Решили, что буду готовиться к поступлению на истфак МГУ. При этом я продолжал участвовать во всех конкурсах, читал стихи, рассказывал прозу.

Дальше произошли вещи, не понятные никому. Почему ноги привели меня в проезд Художественного театра (сейчас Камергерский переулок — Д. А.)? Никогда не ездил туда! Просто шёл мимо, увидел группу молодых людей, спросил, что они здесь делают. В ответ: а ты, мол, поднимайся на второй этаж. Поднялся. Там какая-то девушка попросила паспорт, записала данные: «Ждите». Час проходит, никуда не вызывают. Только шум-гам стоит. Спросил сидящего рядом парня, что будет-то. «Вот прочитаешь стихи, прозу, тебе скажут, способный ты или нет»,— объяснил он. Часа через два-три пригласили в аудиторию. После прослушивания оставили двоих: меня и моего соседа по коридору. Допустили на второй тур и сказали следить за расписанием.

Что такое «второй тур» вообще понятия не имел. Сосед говорит: «Старик, давай подстрахуемся, пойдём читать в Щукинское училище». Для конкурса читать можно было, не сдавая документов. Я не знал, чем отличается Щукинское училище от Щепкинского.

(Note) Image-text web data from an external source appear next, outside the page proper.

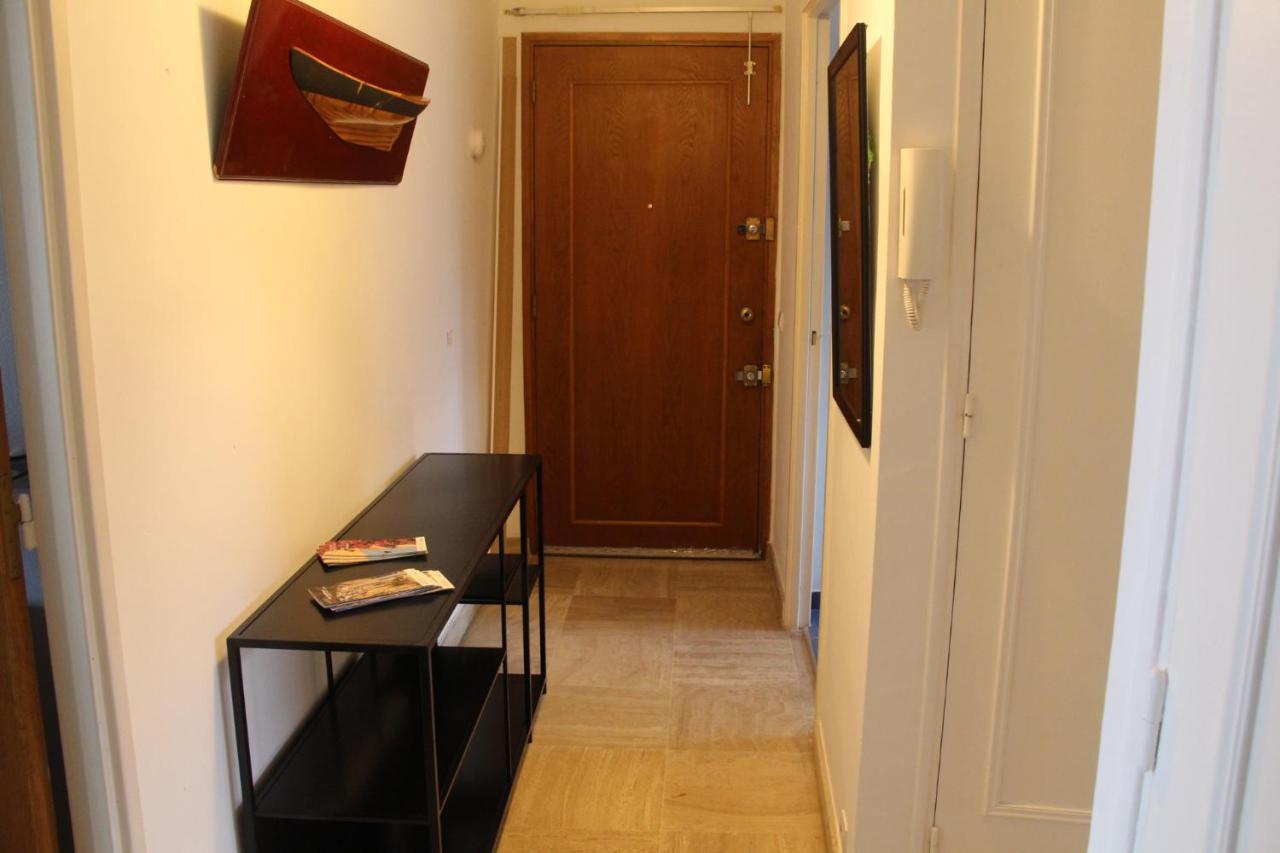 Bleu Azur Appartement 3 Etoiles Hyeres Bagian luar foto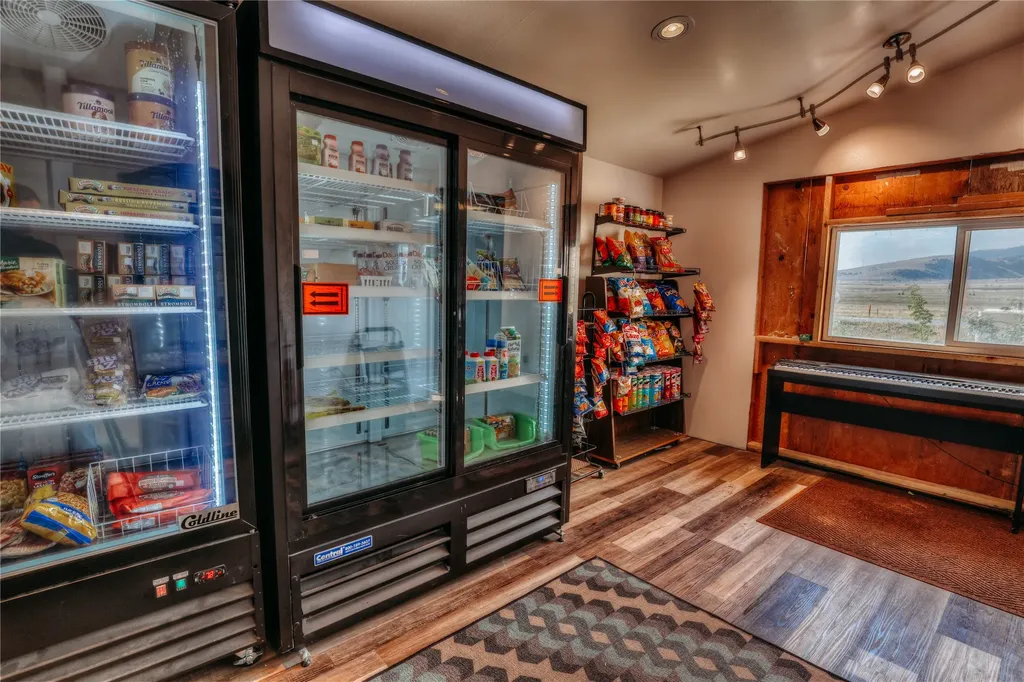 8703 Lincoln Road W Canyon Creek MT 59633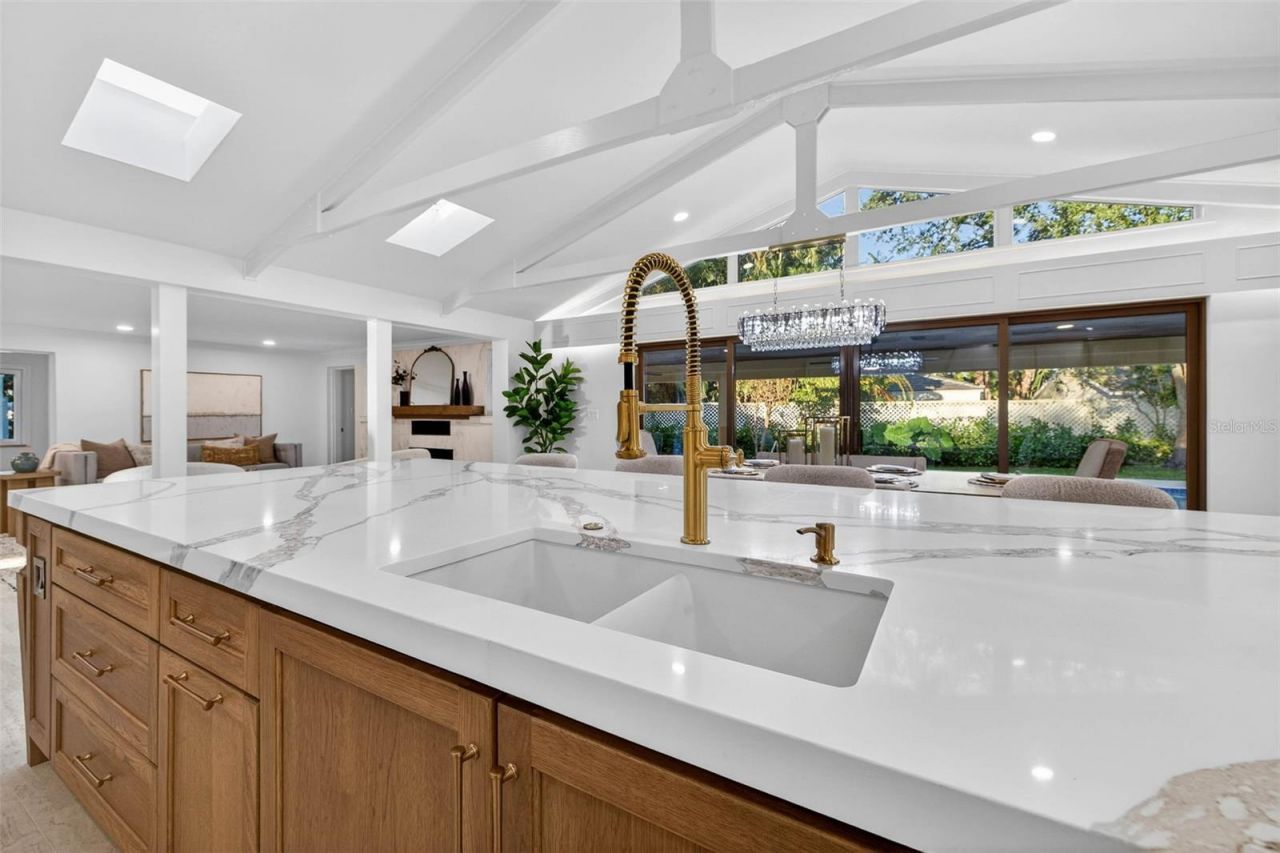 1222 Brightwaters Boulevard Ne, Saint Petersburg, FL 33704 Photo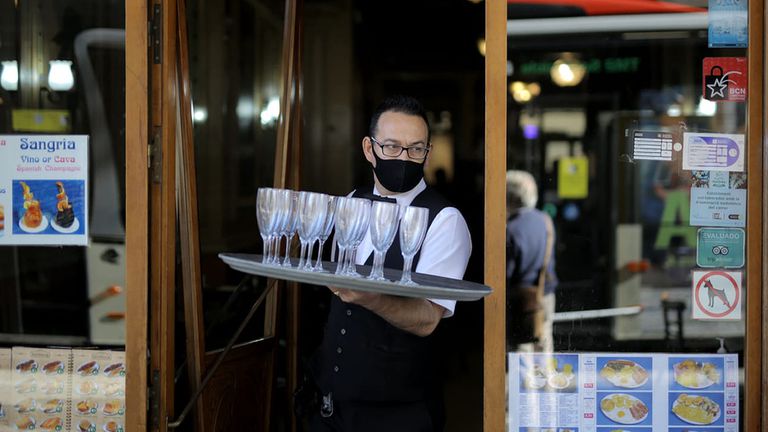 Un camarero del Cafè de l'Òpera de Barcelona, este miércoles.
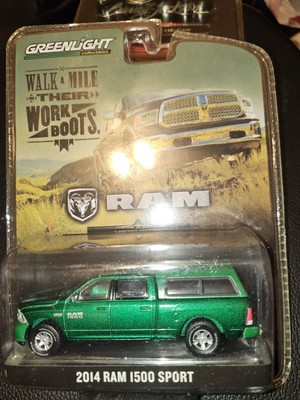 1:64 Greenlight グリーンマシーン 2台セット チェイス Greenlight 2014 Dodge Ram 1500 Sport Green Machine Chase Walk Mile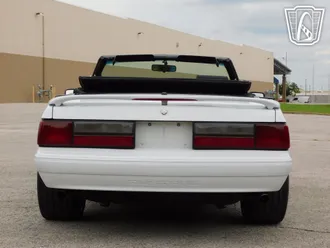 1990 Ford Mustang photo 5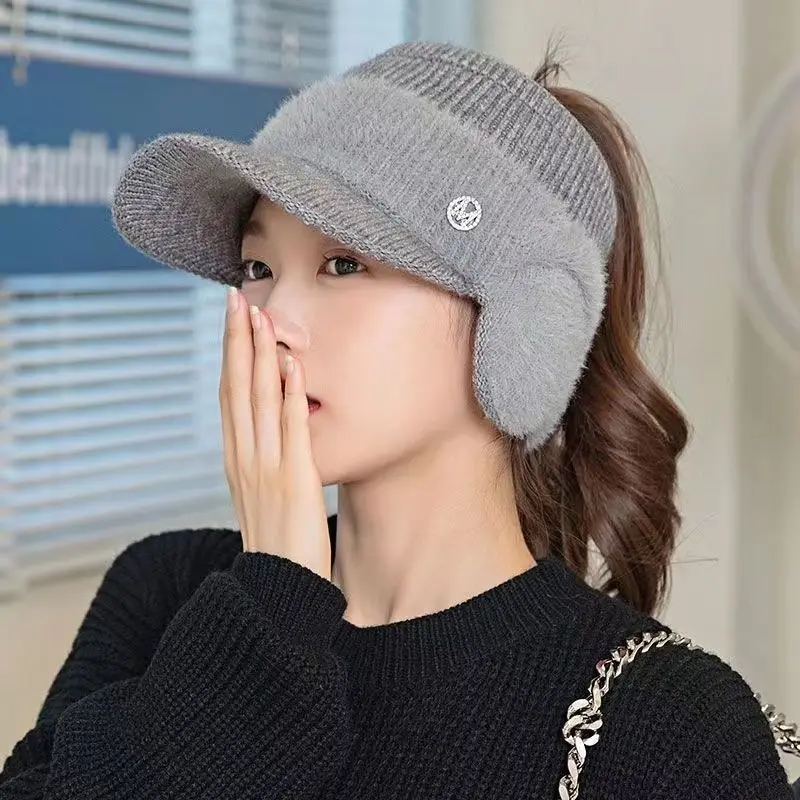 Autumn and Winter Women's Ear Protection Winter Hat Fashion Peaked Cap Air Top Polyester Woolen Cap Riding Cold-Proof Knitted Ha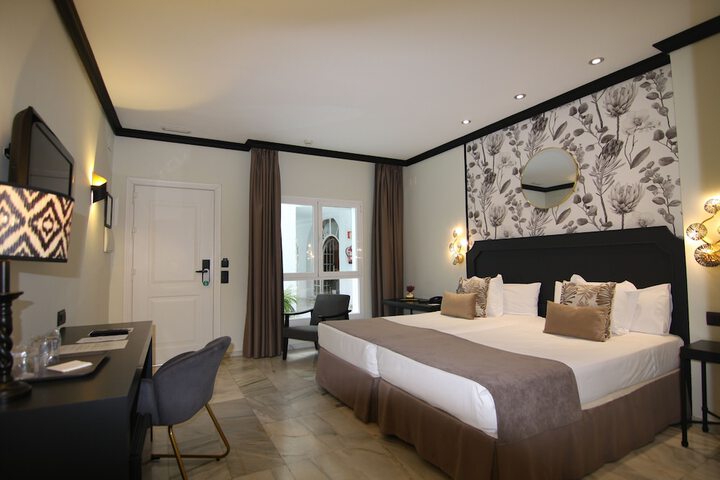 Room 32 of 82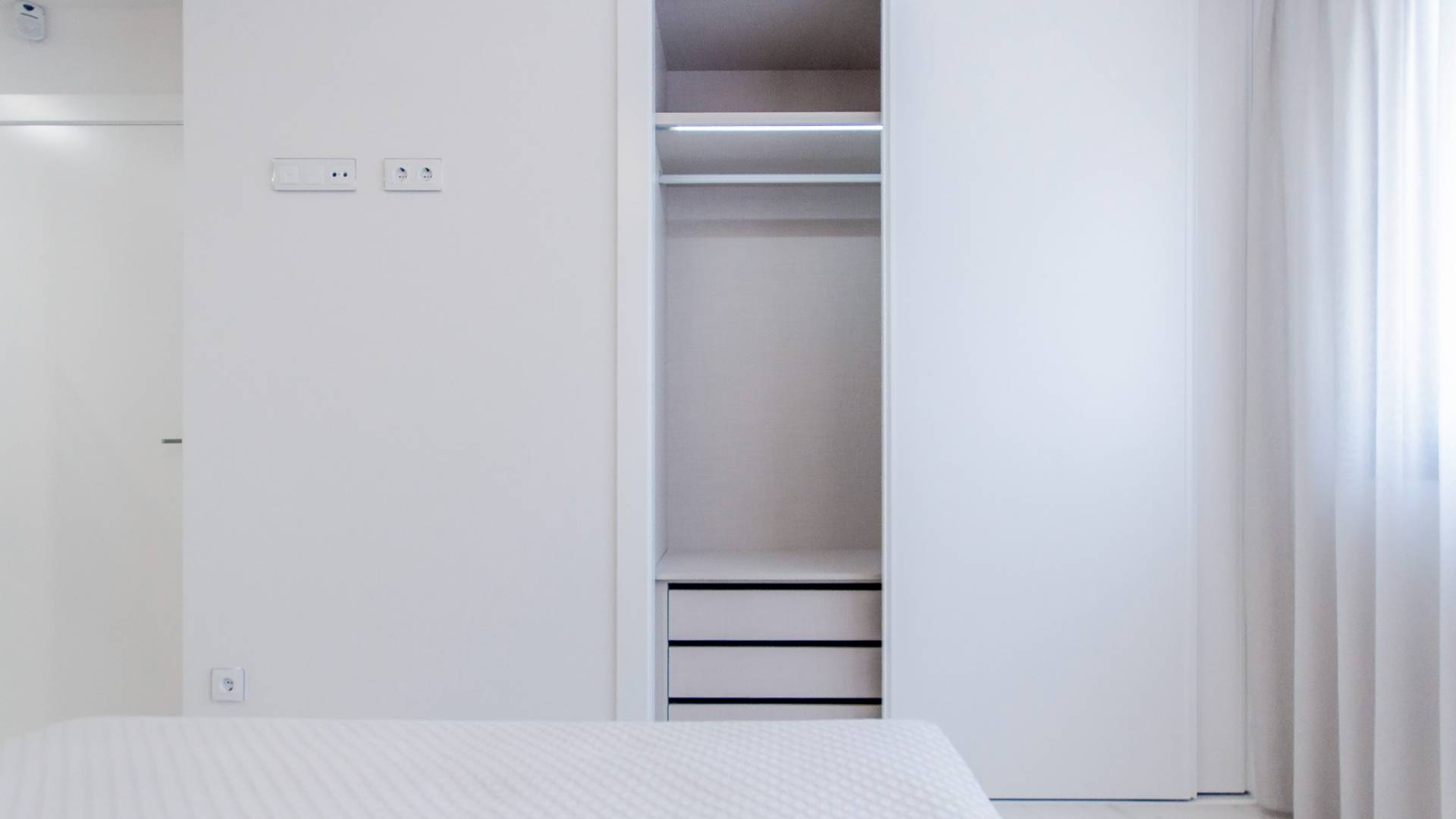 Neubau - Unabhängige Villa - San Miguel de Salinas - 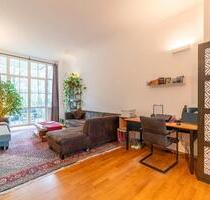 Modern 1-Room Flat Steps from Boxhagener Platz - Berlin Friedrichshain-Kreuzberg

Более того, не понимал, какое отношение имеет Щукинское к Театру Вахтангова. Через два дня, получив аттестат зрелости, собрал документы, и мы пошли в Щукинское училище. Около него увидели картину: с одной стороны здания — студенты-«ветераны», которые поступали второй, третий, четвёртый и даже пятый год, а слева — те, кто испытывал судьбу первый раз. «Ветераны» знали всё — имена-отчества, фамилии педагогов, как показаться, какая программа нужна, какая нет. Не могли только поступить…

Отбирал Альберт Буров. Минут за пятнадцать он прослушал нашу десятку, останавливая некоторых ребят уже на первых словах. Подойдя ко мне, как разведчик разведчика спросил: «Документы при себе?» Документы лежали в кармане, потому что в этот день я собирался отнести их в МГУ. Альберт Егорович вызвал какую-то женщину и ей тоже как разведчик разведчику тихо сказал: «Третий тур».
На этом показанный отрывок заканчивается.